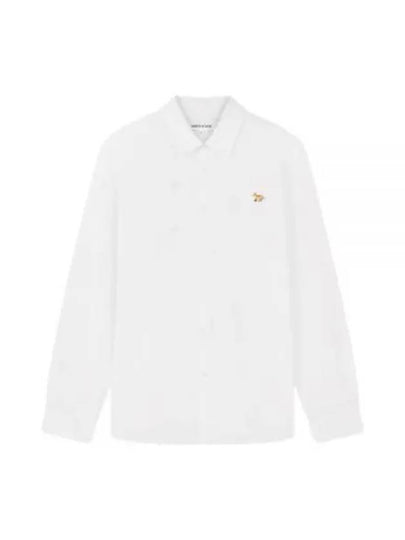 Baby Fox Cotton Shirt White - MAISON KITSUNE - BALAAN 2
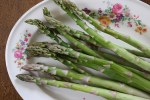 Signs of spring in MN, #22 plate of&nbsp;asparagus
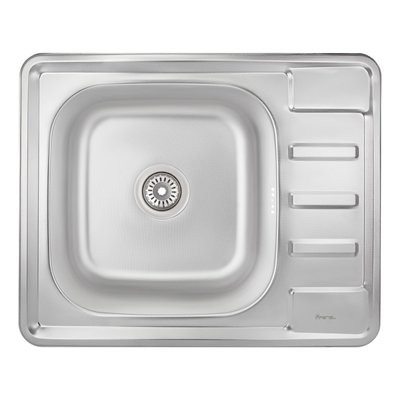 Кухонна мийка Imperial 6350 Micro Decor (IMP635008MICDEC) 385069 фото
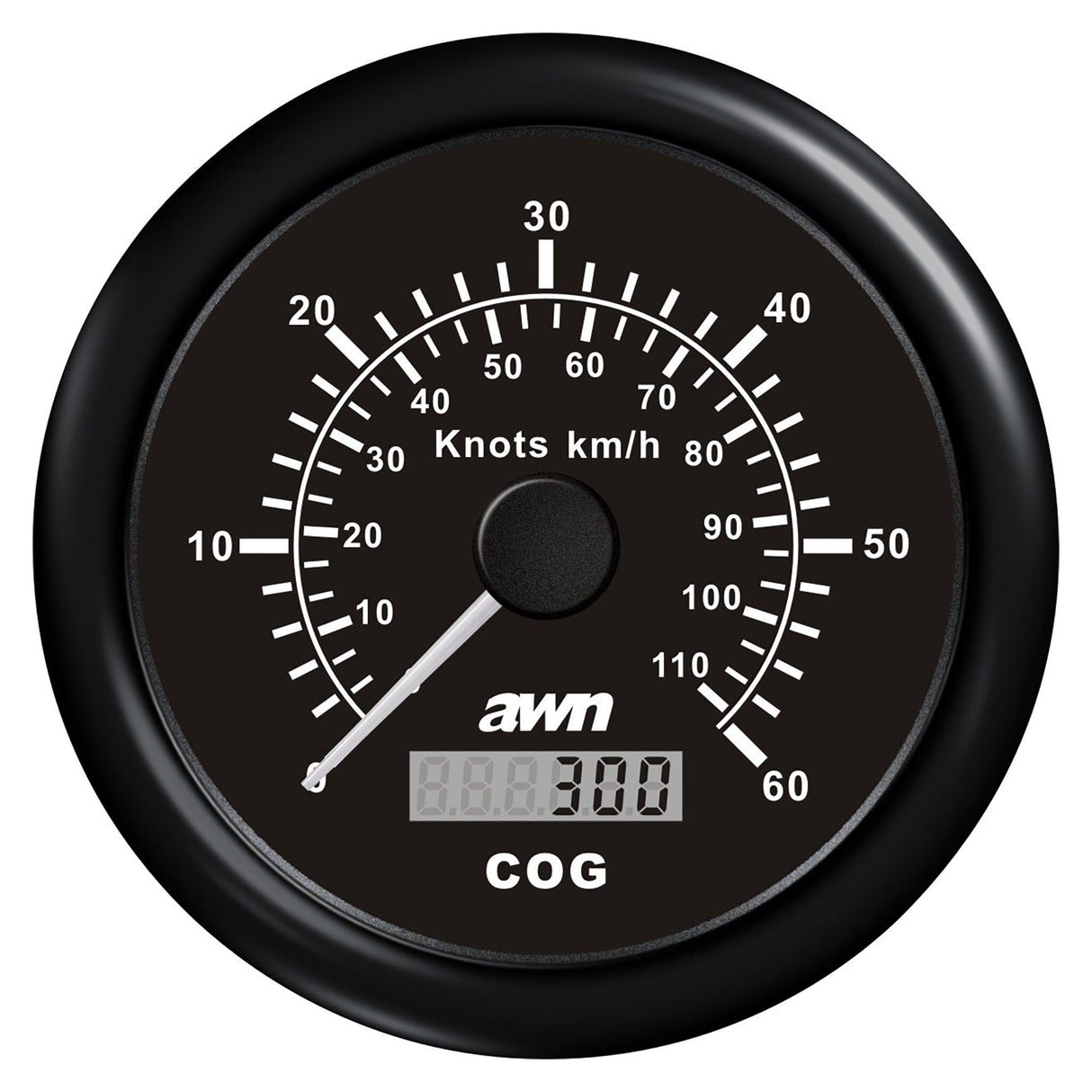 OceanTEC GPS-Speedometer 0-60 kn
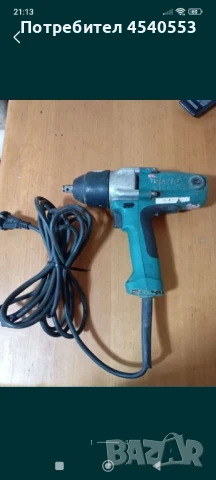 Гайковерт макита на ток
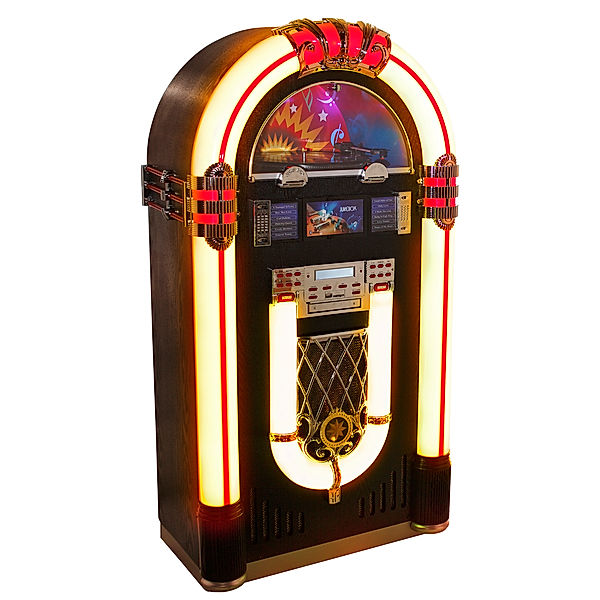 Jukebox mit Plattenspieler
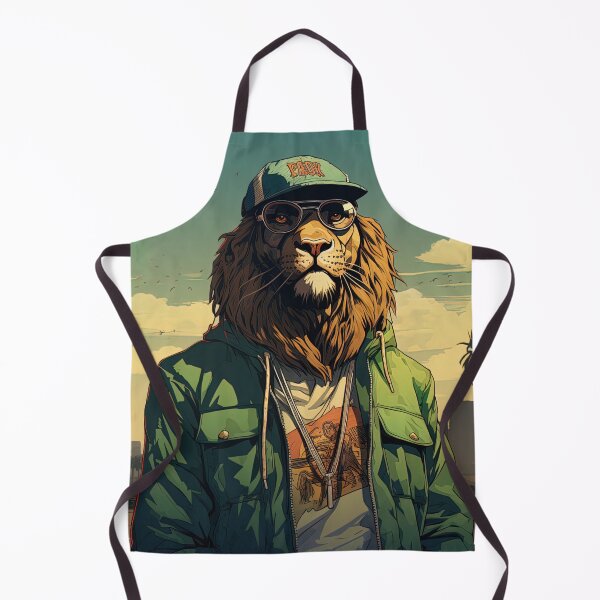 Item preview, Lion | Hip Hop style designed and sold by ComicsFactory.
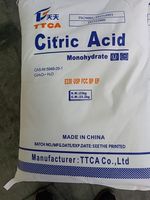 Chine usine d'acide citrique TTCA prix bon marché monohydrate d'acide citrique CAM Ttca nouvelle Date de production expédition rapide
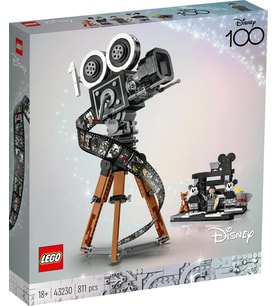 LEGO Disney 43230 Walt Disney Tribute Camera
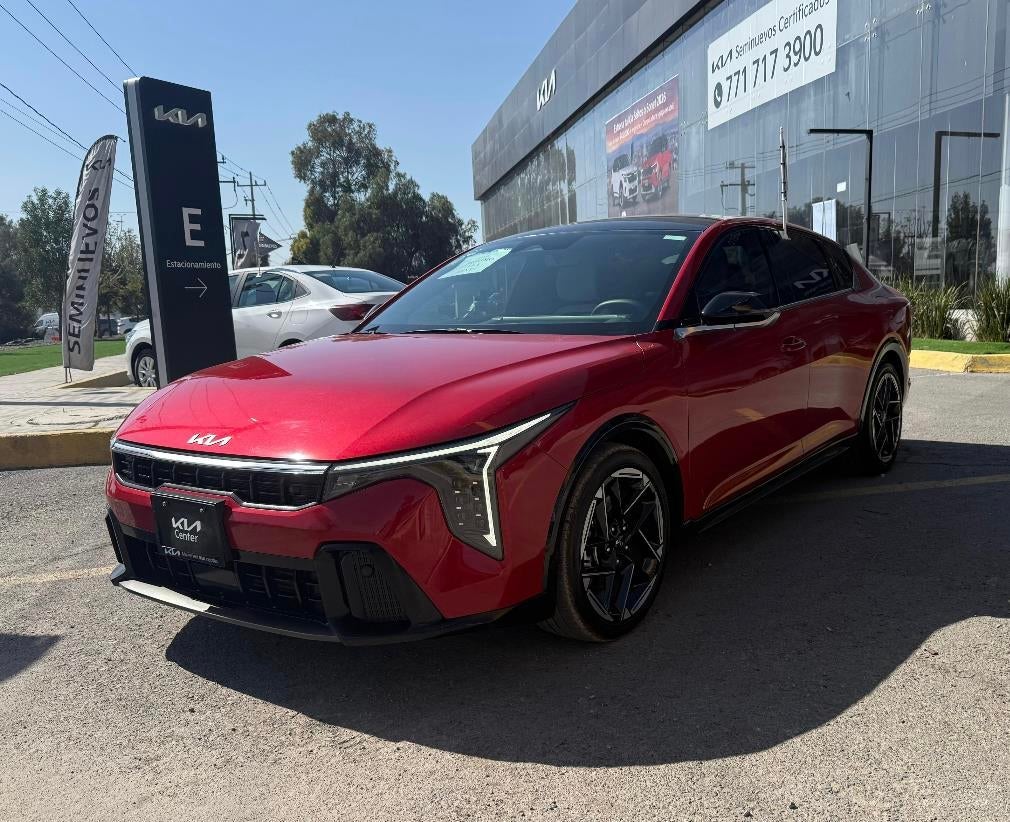 2026 Kia K4 GT LINE TURBO, L4, 1.6T, 147 CP, 4 PUERTAS, AUT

• Try it: Transcribe every line from the one with "Signs of spring" to the last line of the records above, exactly, excluding pictures.

• Answer box:
 Signs of spring in MN, #22 plate of&nbsp;asparagus
 Кухонна мийка Imperial 6350 Micro Decor (IMP635008MICDEC) 385069 фото
 OceanTEC GPS-Speedometer 0-60 kn
 Гайковерт макита на ток
 Jukebox mit Plattenspieler
 Item preview, Lion | Hip Hop style designed and sold by ComicsFactory.
 Chine usine d'acide citrique TTCA prix bon marché monohydrate d'acide citrique CAM Ttca nouvelle Date de production expédition rapide
 LEGO Disney 43230 Walt Disney Tribute Camera
 2026 Kia K4 GT LINE TURBO, L4, 1.6T, 147 CP, 4 PUERTAS, AUT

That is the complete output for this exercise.